# Identifying a signal by its power spectrum

Background: There is a method in optics for determining the electric field of light (both intensity and phase) via a three step process:

1. Add a known phase shift to the light (called the "diversity phase").
2. Perform a Fourier transform (via a lens) and measure the intensity.
3. Repeat this for several different diversity phases (at least two), and use certain algorithms to infer the light field.

The inference process is typically done numerically. However, I've found an analytical method for solving the problem, but it only works in 1D (whereas optics is 2D). This has me wondering: Are there situations in signal processing where one would like to identify e.g. a time-domain signal from only it's power spectrum? If so, do there already exist good algorithms or analytic solutions for this problem?

I am a physicist by training, so I have little background in signal processing, but I would appreciate any references or context that seasoned signal analysts can provide.

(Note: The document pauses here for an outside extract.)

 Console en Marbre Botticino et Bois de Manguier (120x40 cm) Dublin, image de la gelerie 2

Are there situations in signal processing where one would like to identify e.g. a time-domain signal from only it's power spectrum?

Well, your described optical algorithm doesn't "only" depend on the power spectrum, but on the power spectrum under different phase shifts – which is a way of estimating the Fourier transform of the time (or spatial) domain.

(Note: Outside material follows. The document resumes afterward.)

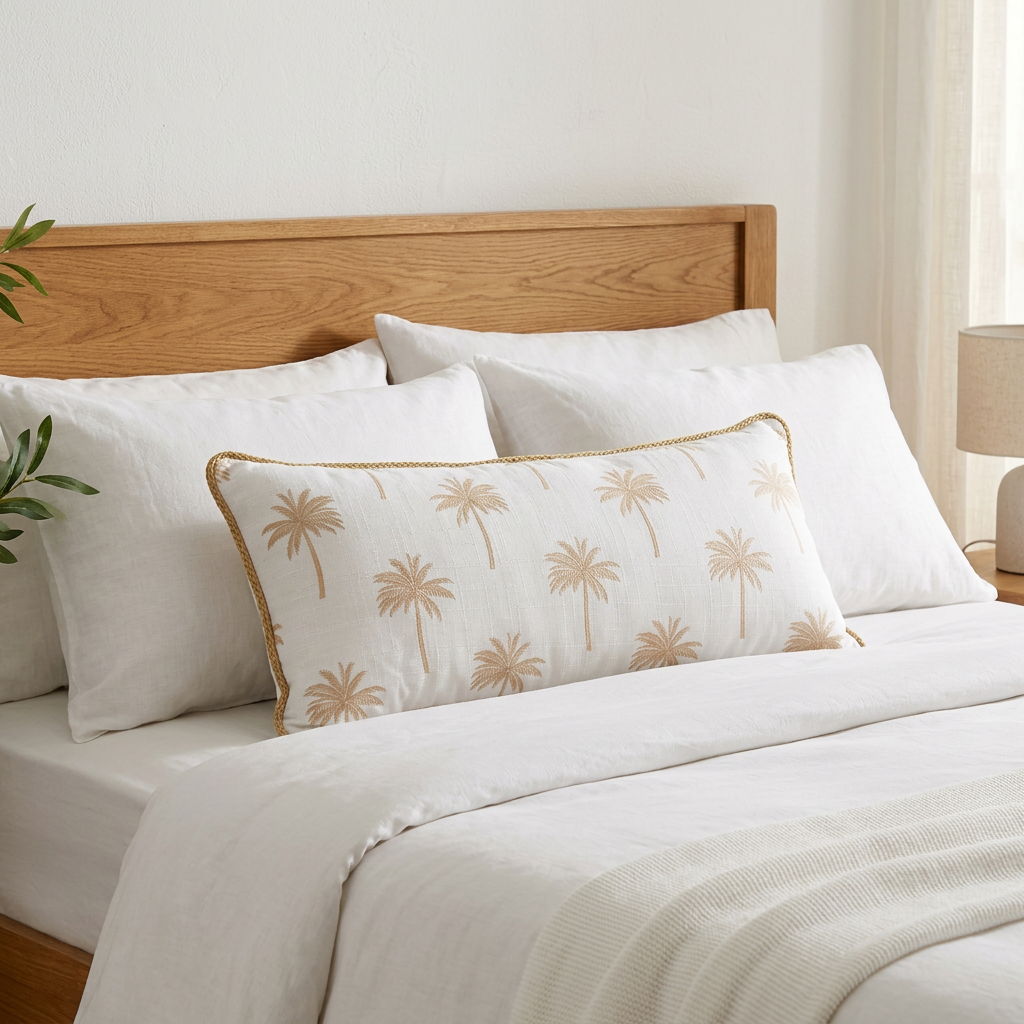 Rectangular Palm Tree Design Cushion Ivory & Beige - 30×70cm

By the way, I'd say the method you've described is a signal processing method. The fact it's not done mainly with a computer doesn't really change that!

But sure, things like that do happen. Similarly to the optical question you're answering with your method, there's cases where you can only observe the magnitude (or power) of a signal's Fourier transform, but not the signal itself, I'm sure. (I must admit I don't have a problem at hand, right now, because usually, you actually measure the current that some electrical phenomenon induces, and that allows for phase estimation.)

A related thing, which also happens to have applications in optics, are the Kramers-Kronig relations, which can be used to estimate a complex signal (or equivalently, a system) that's sufficiently envelope-bounded from just either real or imaginary part; an application are Kramers-Kronig Receivers:

Following direct detection of the total field intensity, the complex-valued electric field of the signal is extracted from the measured photocurrent thanks to the Kramers–Kronig relation linking the phase of the total field to its intensity.

I.e. you can use a "simple" photodiode to just detect intensity, and still get full info on the complex E-field; this means you get twice as much useful info across.